South Korea’s Bucheon International Fantastic Film Festival (Bifan) launched the Scary Tales Archive last year to focus on discovering and archiving frightening stories.
Out of the initiative came a collection of nine shorts, which were given production support and shown as part of this year’s festival (July 8-18).
This year, the festival built on the project with the launch of the Scary Tales Campus, which includes mentoring sessions through the Scary Tales Planning and Development Camp where mentees will eventually pitch their projects to potential investment and production partners.
“We are growing the Scary Tales Campus with the concept of educating and nurturing talent,” says Ellen YD Kim, head of the initiative. “The festival is expanding its role from just screening films to growing creators.”
The programme received a total of 108 submissions for eight selections that are mentored for two months in a one-on-one lab, ending with an industry pitching session. Each project received $1,750 (KW2m) in grant money to put towards planning and development.
“The industry is taking a lot of interest and seems to be anticipating a lot,” she says. “We even got inquiries about IPs and participating in the selection process so that these large companies could have, in actuality, first look at these projects but we were careful about that. Maybe later on we can have partnerships.”
After South Korea increased its social distancing measures for Seoul and its environs for two weeks from July 12, the Scary Tales Project Pitching Event, originally scheduled for July 13, was postponed for a later date in August.
“We discussed it with the mentees and they all agreed they wanted to do the pitching face-to-face and not online,” says Kim, adding the exact date will be fixed towards the end of July when the situation becomes clearer.
“It’s half a day of pitching and meeting with the industry. All the major investor-distributors like CJ, Megabox, Showbox, NEW and the others have signed up to attend.
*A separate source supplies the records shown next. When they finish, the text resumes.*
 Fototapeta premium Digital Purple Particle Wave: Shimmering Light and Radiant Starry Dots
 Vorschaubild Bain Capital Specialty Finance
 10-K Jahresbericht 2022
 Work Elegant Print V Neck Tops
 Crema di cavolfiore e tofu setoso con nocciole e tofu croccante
With six feature film projects and two series projects all specialised to scary tales, it’s been attracting a lot of attention from producers and distributors.”
On the day of the pitching event, attendees will be given “coins” to vote with.
“KW30m ($26,275) will be split amongst the eight projects, depending on how many coins each gets,” she explains. “We’re thinking of having about 30 attendees and they will each get five coins to give out as they see fit.”
Masterclass lecturers included The Wailing director Na Hong-jin, whose Korea-Thailand co-production The Medium (which he produced) won this year’s Best of Bucheon award; Kim Donghyun, head of investment for Korean films at investor-distributor Merry Christmas (Space Sweepers); and Kim Eunhee, screenwriter of hit series Kingdom.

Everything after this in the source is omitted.